Processes involving protein interactions such as enzymatic reactions1,2, biomineralization3,4, or molecular recognitions5,6 evolve in time toward an equilibrium state. However, it is notoriously challenging to access this temporal dimension while simultaneously maintaining high structural resolution6,7,8,9. This is not least because nuclear magnetic resonance (NMR) spectroscopy, the central method to access protein structures in solution, typically focuses on systems in chemical equilibrium10,11. This limitation is imposed by weak signal intensities that necessitate long signal averaging periods and thus impede time-resolved studies. Therefore, to adequately describe processes that evolve over time, methods are required that improve NMR signal intensities and, at the same time, capitalize on the method’s intrinsically high (atomistic) resolution. We here propose such a method based on dissolution dynamic nuclear polarization (d-DNP)-boosted NMR and spin hyperpolarization12,13,14.

Indeed, hyperpolarization, in particular dissolution d-DNP has recently been developed to enhance NMR signals in residue-resolved studies of proteins15,16,17,18,19,20 and nucleic acids21 at substantially improved signal intensities. To this methodological portfolio, we add a time aspect.

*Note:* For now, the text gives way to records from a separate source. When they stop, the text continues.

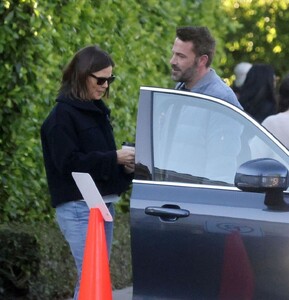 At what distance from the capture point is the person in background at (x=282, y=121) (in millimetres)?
7559

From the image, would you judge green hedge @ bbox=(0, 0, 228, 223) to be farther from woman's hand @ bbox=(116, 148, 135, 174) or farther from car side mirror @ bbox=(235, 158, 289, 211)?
car side mirror @ bbox=(235, 158, 289, 211)

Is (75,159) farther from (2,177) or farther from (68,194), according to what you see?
(2,177)

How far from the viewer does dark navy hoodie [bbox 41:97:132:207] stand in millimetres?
6363

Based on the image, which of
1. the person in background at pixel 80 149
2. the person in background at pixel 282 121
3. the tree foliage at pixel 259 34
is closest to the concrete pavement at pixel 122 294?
the person in background at pixel 282 121

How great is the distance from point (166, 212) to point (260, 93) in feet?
16.7

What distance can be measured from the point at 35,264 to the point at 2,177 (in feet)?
2.17

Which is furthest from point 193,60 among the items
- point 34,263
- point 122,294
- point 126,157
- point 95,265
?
point 122,294

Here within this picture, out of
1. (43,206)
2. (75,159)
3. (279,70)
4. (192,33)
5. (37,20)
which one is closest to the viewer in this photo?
(75,159)

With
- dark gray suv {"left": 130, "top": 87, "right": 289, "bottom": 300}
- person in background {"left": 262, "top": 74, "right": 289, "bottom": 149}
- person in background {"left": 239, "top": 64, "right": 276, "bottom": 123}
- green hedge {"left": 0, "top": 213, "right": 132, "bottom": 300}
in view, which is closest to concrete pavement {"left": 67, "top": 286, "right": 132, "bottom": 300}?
green hedge {"left": 0, "top": 213, "right": 132, "bottom": 300}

Due to the implementation of d-DNP as an ‘ex-situ’ technique, with an external hyperpolarization setup, it is applicable to almost any type of molecule in solution. It provides up to >10.000-fold enhanced signal intensities. As a result, this method enables access to time-resolved NMR data on milliseconds to seconds timescales while guaranteeing applicability to a broad spectrum of target molecules. Therefore, d-DNP has not yet found many applications in biomolecular NMR despite these exceptional benefits. This is not least since one has to give up the major advantage of solution-state protein NMR, namely residue-resolution. Indeed, the latter stimulated a large share of the timely NMR developments, including the development of a 1.2 GHz NMR spectrometer22.

In this regard, d-DNP provides significantly improved signal intensities outdating the need for signal averaging. Spectra can be recorded rapidly, i.e., within milliseconds to seconds, yet only when relying on one-dimensional detection. Thus, acquiring NMR spectra in real-time NMR becomes possible, yet residue-resolved 2D or 3D spectra of proteins can typically not be recorded. Vice-versa, hyperpolarized spins have a limited lifetime (typically seconds to minutes), such that detection is possible only within a short time window. Hence, when recording fast 2D or 3D protein spectra by acquiring several signals to construct the indirectly detected dimensions, measuring a single spectrum takes too long for time-resolved measurement series.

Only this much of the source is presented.